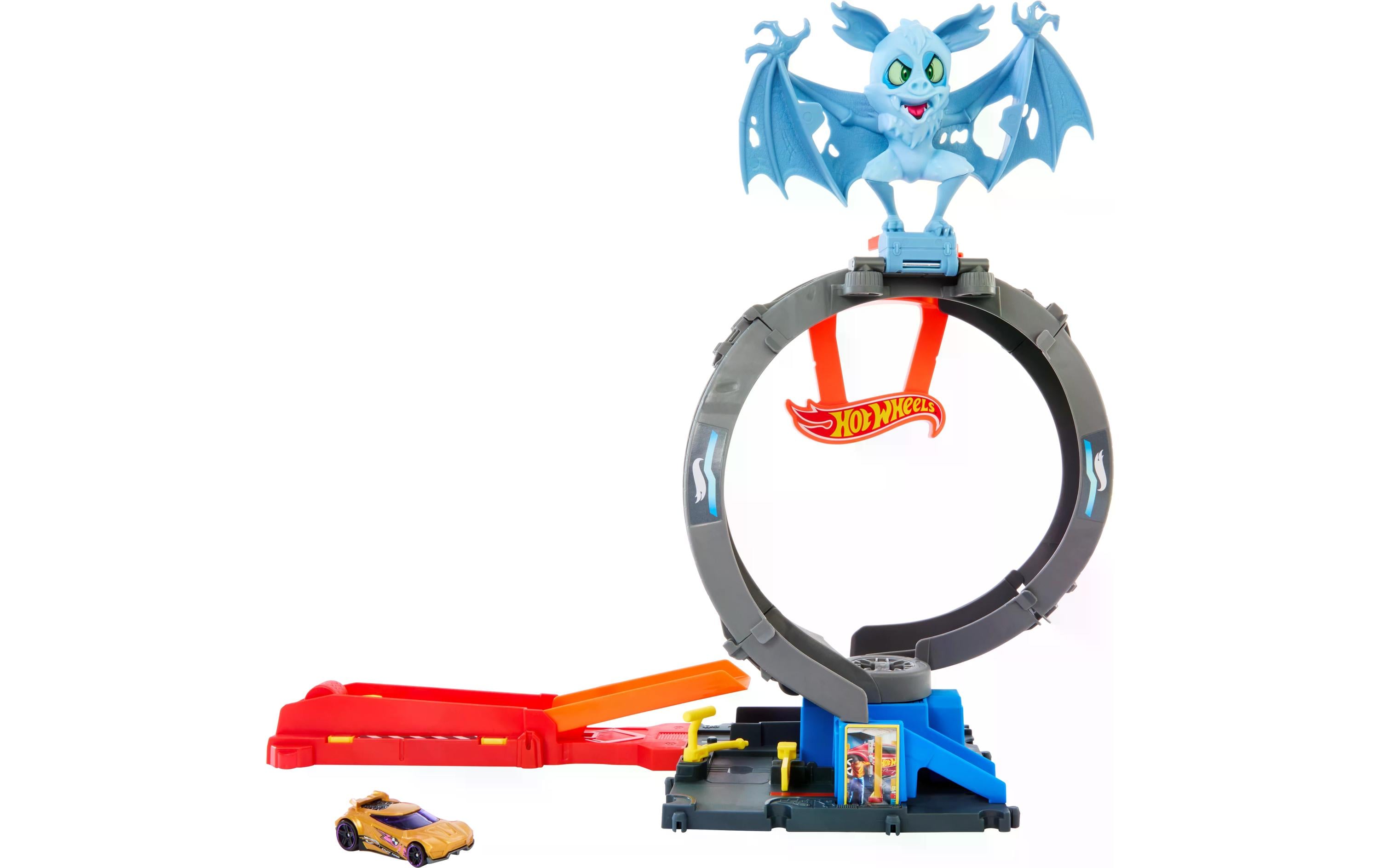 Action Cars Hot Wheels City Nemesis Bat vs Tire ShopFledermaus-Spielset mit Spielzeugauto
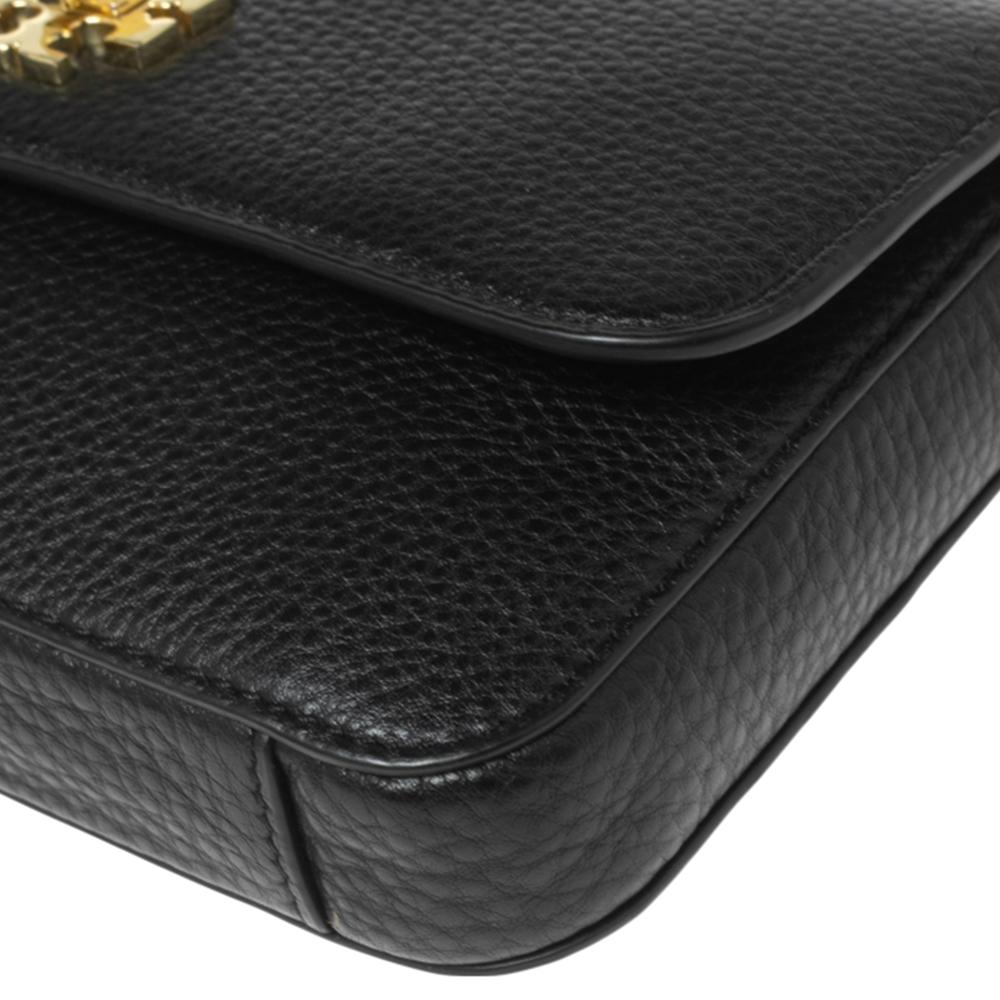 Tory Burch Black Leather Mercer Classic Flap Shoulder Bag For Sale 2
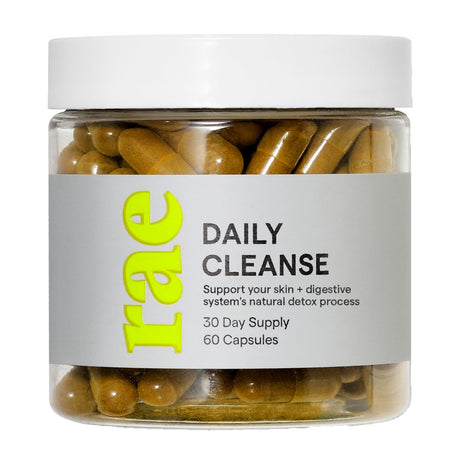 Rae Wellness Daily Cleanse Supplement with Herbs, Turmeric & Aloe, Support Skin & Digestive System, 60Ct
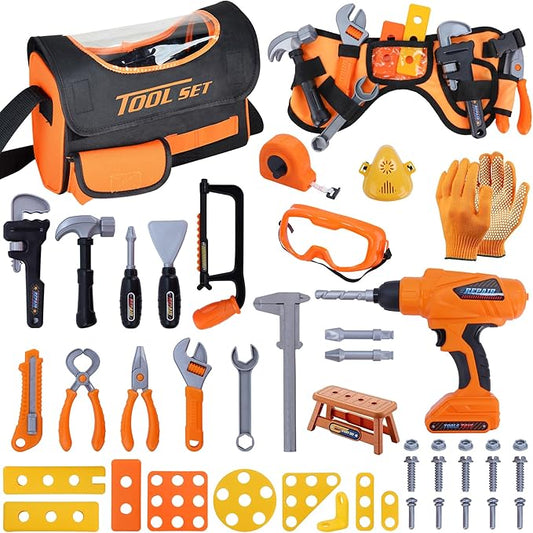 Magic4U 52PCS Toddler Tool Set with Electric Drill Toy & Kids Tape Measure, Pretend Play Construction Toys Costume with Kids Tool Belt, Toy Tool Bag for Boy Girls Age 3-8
——————————
▸ Task prompt:
Any picture found in the data is to be skipped while the rest is copied exactly.

▸ Response to the exercise:
 Action Cars Hot Wheels City Nemesis Bat vs Tire ShopFledermaus-Spielset mit Spielzeugauto
 Tory Burch Black Leather Mercer Classic Flap Shoulder Bag For Sale 2
 Rae Wellness Daily Cleanse Supplement with Herbs, Turmeric & Aloe, Support Skin & Digestive System, 60Ct
 Magic4U 52PCS Toddler Tool Set with Electric Drill Toy & Kids Tape Measure, Pretend Play Construction Toys Costume with Kids Tool Belt, Toy Tool Bag for Boy Girls Age 3-8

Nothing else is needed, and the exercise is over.